Once the line containing "NWT PRINCESS POLLY SWEATER - Picture 3 of 7" is found in the entries below, restate it and each following line word for word, stopping after the line containing "CELULAR APPLE IPHONE".

Data items =

»»

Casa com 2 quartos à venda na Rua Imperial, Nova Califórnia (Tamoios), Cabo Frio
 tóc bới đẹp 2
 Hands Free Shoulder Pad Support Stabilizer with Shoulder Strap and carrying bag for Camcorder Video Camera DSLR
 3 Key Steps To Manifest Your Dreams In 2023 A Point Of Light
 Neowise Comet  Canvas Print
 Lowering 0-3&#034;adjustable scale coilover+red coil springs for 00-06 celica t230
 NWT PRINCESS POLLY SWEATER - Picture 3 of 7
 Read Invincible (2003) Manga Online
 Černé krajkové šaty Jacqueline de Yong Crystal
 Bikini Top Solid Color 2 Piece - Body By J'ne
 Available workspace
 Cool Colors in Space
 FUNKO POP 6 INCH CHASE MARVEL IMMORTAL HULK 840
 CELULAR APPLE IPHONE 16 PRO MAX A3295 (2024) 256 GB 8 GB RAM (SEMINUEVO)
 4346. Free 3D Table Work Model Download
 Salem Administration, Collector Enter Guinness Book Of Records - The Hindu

««

Solution to the problem =
 NWT PRINCESS POLLY SWEATER - Picture 3 of 7
 Read Invincible (2003) Manga Online
 Černé krajkové šaty Jacqueline de Yong Crystal
 Bikini Top Solid Color 2 Piece - Body By J'ne
 Available workspace
 Cool Colors in Space
 FUNKO POP 6 INCH CHASE MARVEL IMMORTAL HULK 840
 CELULAR APPLE IPHONE 16 PRO MAX A3295 (2024) 256 GB 8 GB RAM (SEMINUEVO)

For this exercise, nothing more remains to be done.